Michael Pitt : Démon blond

Michael Pitt parle de son incursion dans l’effrayant Funny Games de Michael Haneke.

La version 2008 de Funny Games est le remake en langue anglaise du film en allemand mettant en scène deux jeunes hommes qui séquestrent et torturent une famille que Michael Haneke avait lui-même tourné en 1998. Avec ses conventions tordues, Funny Games lorgne vers le film de violence, genre avec lequel certains spectateurs l’associeront par erreur.

Joint au téléphone à New York, Michael Pitt, qui incarne l’un des deux jeunes psychopathes, affirme que le tournage quasi plan-par-plan de ce remake fut stimulant. "C’est facile de s’approprier un personnage lorsqu’il n’y a pas de limites. C’est beaucoup plus difficile à faire lorsqu’on nous impose bon nombre de restrictions. Sachant cela, j’ai approché le rôle comme un exercice. Je me suis dit: Regarde, si tu n’es pas capable de le faire dans ces conditions, ça veut dire que tu n’es pas très bon."

Pitt a vu Funny Games une fois avant de rencontrer Haneke, réalisateur autrichien dont la feuille de route comprend des films aussi intelligents que déroutants, tels Caché, 71 Fragments of a Chronology of Chance et Benny’s Video, mais ne prétend pas pour autant connaître de fond en comble la filmographie du cinéaste.

"Je ne le connaissais pas si bien que cela; je n’ai pas étudié en cinéma, alors je n’ai pas vraiment cette culture du cinéma de répertoire.

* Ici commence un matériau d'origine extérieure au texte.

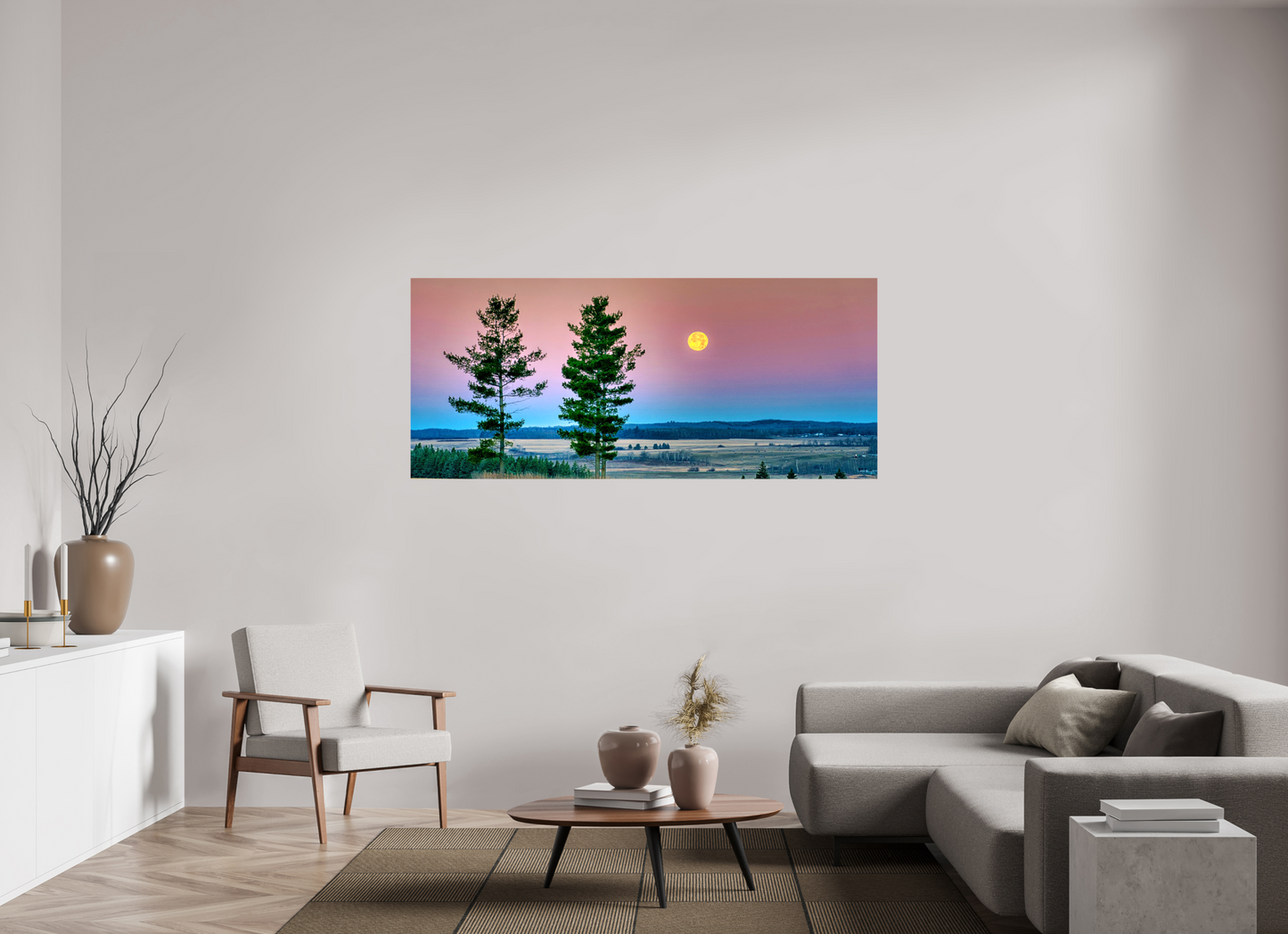 72.4 x 31″, Stretched Canvas Morning Prairie Moon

Cependant, quand j’ai vu le film, puis rencontré Michael, la qualité de son travail et tout l’effort qu’il y met me sont apparu comme des évidences."

L’une des grandes forces de Funny Games tient de l’interaction entre Pitt et Brady Corbet, dont le duo de jeunes fêlés affiche des airs proprets donnant la chair de poule, lesquels masquent délibérément leurs motivations.

"Parfois, c’était comme si nous tournions deux films à la fois. D’un côté, il y a Brady et moi dans des scènes légères, presque comiques et courtoises; de l’autre côté, les membres de la famille torturés pleurant et cherchant leur air."

À l’instar de l’original, Funny Games n’est pas exactement le film violent qu’il prétend être à prime abord. La participation du spectateur est de fait mise à contribution alors que des pans du quatrième mur tombent au cours du récit, lequel fait montre d’aucune moralité et présente une poignée d’intrigues décousues.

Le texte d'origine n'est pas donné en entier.